» EXERCISE PROMPT
Find the word "with" in the listing, and copy out each line where it turns up.

» DATA EXTRACTS
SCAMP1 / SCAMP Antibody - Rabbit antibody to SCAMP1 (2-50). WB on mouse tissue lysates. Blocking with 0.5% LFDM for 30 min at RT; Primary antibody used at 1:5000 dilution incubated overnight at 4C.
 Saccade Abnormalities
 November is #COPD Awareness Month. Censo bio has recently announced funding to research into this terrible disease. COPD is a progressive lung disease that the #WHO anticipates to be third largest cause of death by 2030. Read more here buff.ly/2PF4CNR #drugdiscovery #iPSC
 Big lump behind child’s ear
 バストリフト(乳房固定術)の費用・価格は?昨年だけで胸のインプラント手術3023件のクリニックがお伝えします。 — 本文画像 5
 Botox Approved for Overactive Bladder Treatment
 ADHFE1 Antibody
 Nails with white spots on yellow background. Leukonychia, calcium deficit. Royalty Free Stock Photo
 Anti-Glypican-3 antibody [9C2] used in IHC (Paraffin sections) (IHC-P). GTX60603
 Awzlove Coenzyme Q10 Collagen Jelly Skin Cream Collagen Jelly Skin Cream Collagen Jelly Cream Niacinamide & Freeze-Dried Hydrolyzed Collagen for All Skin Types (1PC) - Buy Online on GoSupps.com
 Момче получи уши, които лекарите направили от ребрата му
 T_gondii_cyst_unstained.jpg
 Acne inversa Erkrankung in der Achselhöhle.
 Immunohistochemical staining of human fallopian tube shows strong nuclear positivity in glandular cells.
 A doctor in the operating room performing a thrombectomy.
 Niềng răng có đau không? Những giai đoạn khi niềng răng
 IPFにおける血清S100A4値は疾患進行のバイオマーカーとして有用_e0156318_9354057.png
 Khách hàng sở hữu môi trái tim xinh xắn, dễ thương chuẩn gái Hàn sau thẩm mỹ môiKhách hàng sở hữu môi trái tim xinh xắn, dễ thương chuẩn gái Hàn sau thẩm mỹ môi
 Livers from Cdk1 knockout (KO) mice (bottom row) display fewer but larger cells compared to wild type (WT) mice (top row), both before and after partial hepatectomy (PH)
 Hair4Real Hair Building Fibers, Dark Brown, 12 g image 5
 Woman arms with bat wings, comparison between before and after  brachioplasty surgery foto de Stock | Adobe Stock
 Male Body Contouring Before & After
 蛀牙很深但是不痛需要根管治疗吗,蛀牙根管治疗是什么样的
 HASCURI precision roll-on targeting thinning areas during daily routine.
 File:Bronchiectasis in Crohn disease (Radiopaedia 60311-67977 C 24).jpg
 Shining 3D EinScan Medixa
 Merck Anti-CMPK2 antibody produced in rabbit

» RESULT FOR THIS EXERCISE
SCAMP1 / SCAMP Antibody - Rabbit antibody to SCAMP1 (2-50). WB on mouse tissue lysates. Blocking with 0.5% LFDM for 30 min at RT; Primary antibody used at 1:5000 dilution incubated overnight at 4C.
 Nails with white spots on yellow background. Leukonychia, calcium deficit. Royalty Free Stock Photo
 Woman arms with bat wings, comparison between before and after  brachioplasty surgery foto de Stock | Adobe Stock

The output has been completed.